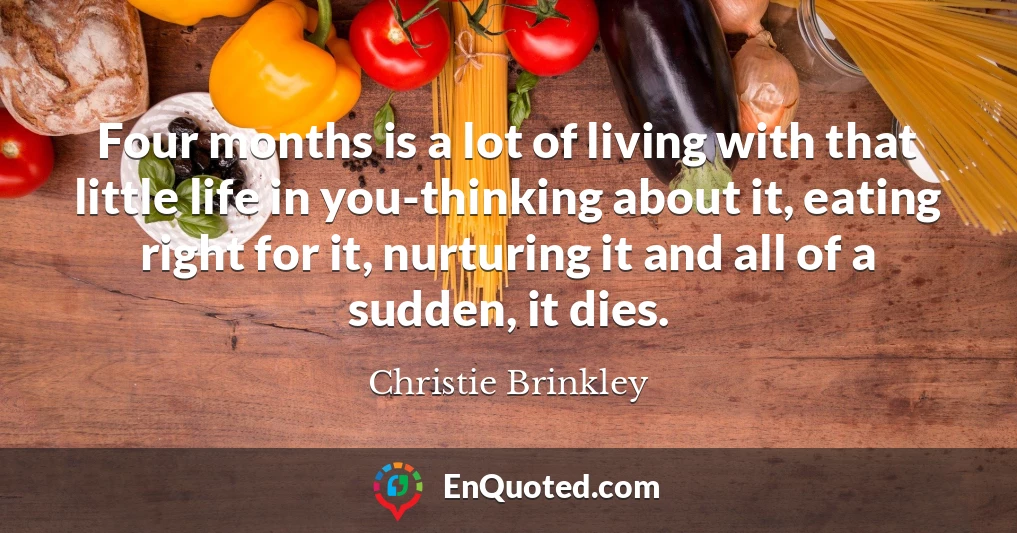 Four months is a lot of living with that little life in you-thinking about it, eating right for it, nurturing it and all of a sudden, it dies.
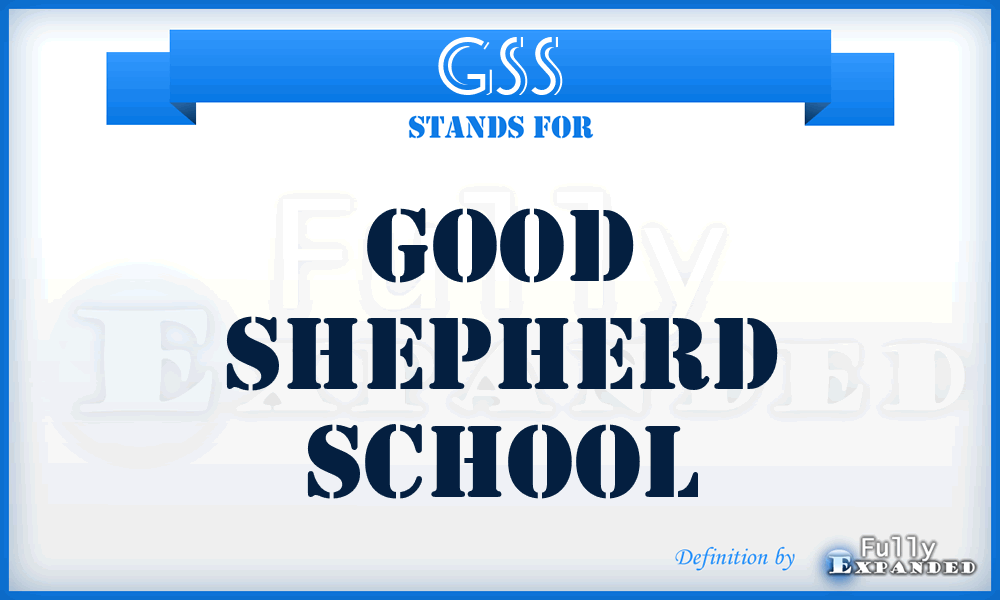 GSS - Good Shepherd School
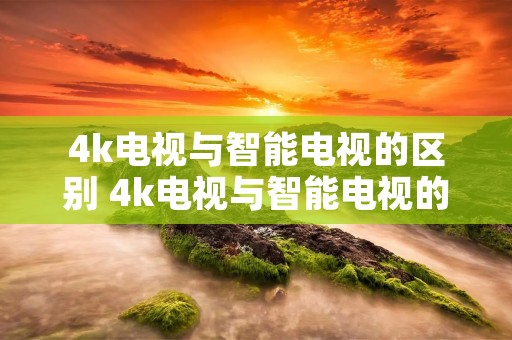 4k电视与智能电视的区别 4k电视与智能电视的区别在哪 4k电视与智能电视的区别 4k电视与智能电视的区别在哪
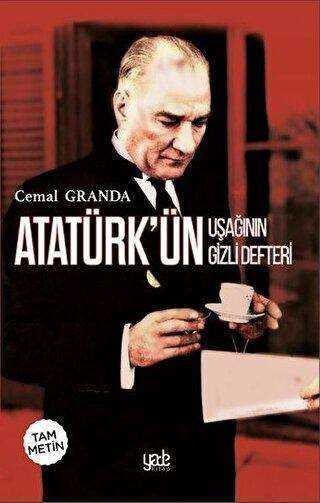 Atatürk’ün Uşağının Gizli Defteri Tam Metin - Yade Kitap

Instructions for the task: Print the listing exactly, minus any pictures.

Exercise output:
 Four months is a lot of living with that little life in you-thinking about it, eating right for it, nurturing it and all of a sudden, it dies.
 GSS - Good Shepherd School
 4k电视与智能电视的区别 4k电视与智能电视的区别在哪 4k电视与智能电视的区别 4k电视与智能电视的区别在哪
 Atatürk’ün Uşağının Gizli Defteri Tam Metin - Yade Kitap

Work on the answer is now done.